On Friday, the FDA took a big step towards making cigarettes less addictive, while also giving a (temporary) pass to e-cigs.

The announcement says, in short, that the government is going to develop new regulations around nicotine. The FDA has legally been able to do this since 2009, but has not done so until now.

In case you weren't paying attention in health class that day, nicotine what makes cigarettes addictive. FDA head Scott Gottlieb helpfully broke it down:

"Nicotine itself is not responsible for the cancer, the lung disease and heart disease that kill hundreds of thousands of Americans each year," he said. "It's the other chemical compounds in tobacco and in the smoke created by setting tobacco on fire that directly cause illness and death."

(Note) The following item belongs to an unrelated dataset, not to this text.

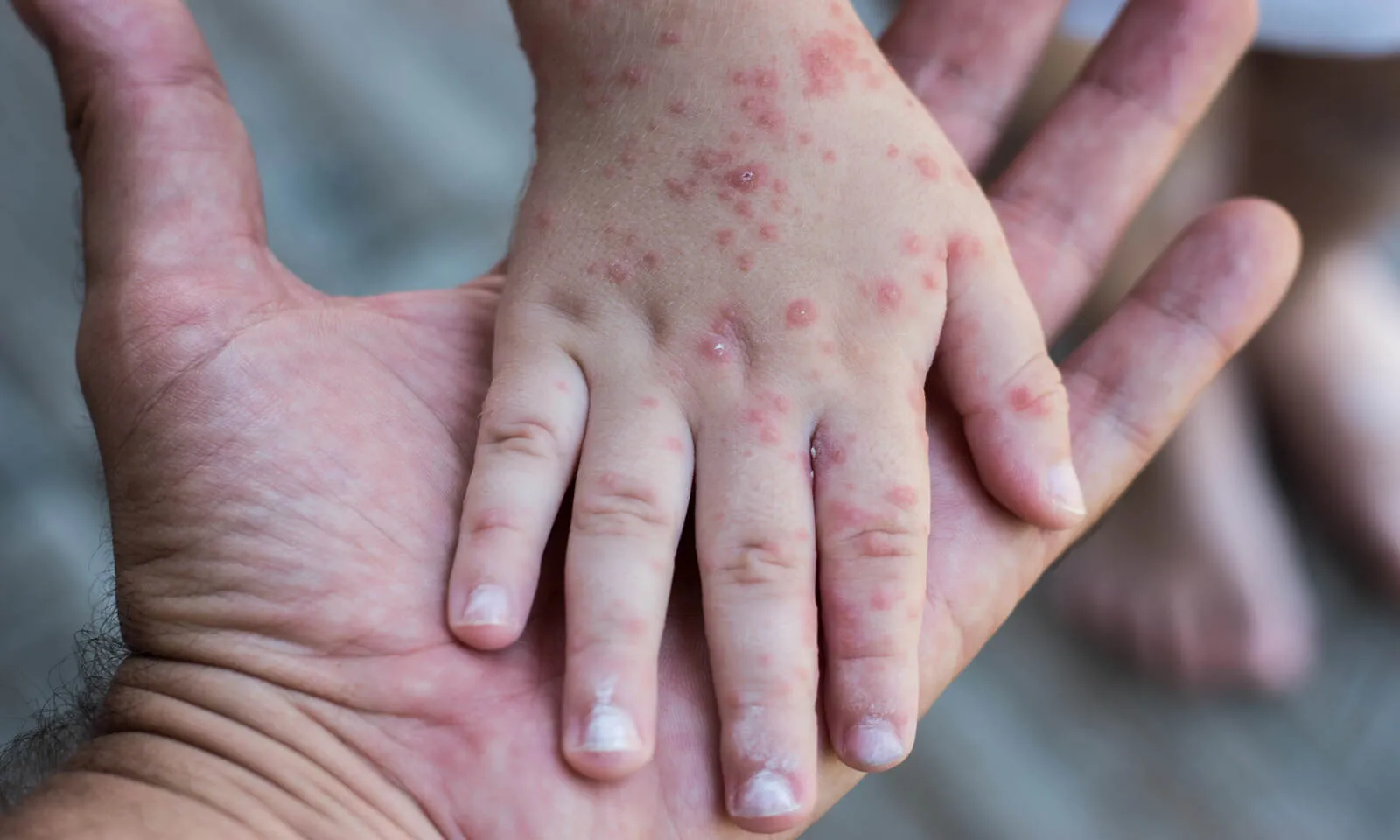 Tomato Fever: All You Need to Know About the New Viral Illness in India Tomato Fever: All You Need to Know About the New Viral Illness in India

Scientists and health advocates have been trying for years to get manufacturers to reduce nicotine levels in their product. Experts are calling for a reduction of around 90%. Research has shown that when the cut is that dramatic, smokers do not generally compensate by smoking more. 

Unsurprisingly, the big losers in this announcement were tobacco companies, which lost about $26 billion in market value after the announcement.

When it comes to e-cigarettes and vaping, though, the FDA kicked the can down the road. Prior to Friday's announcement, makers of e-cigs and other vaping-related products had until the end of next year to submit their products to the government for review. But now they have an extra four years, so you can enjoy your cherry vape liquid without interference from the Man until 2022.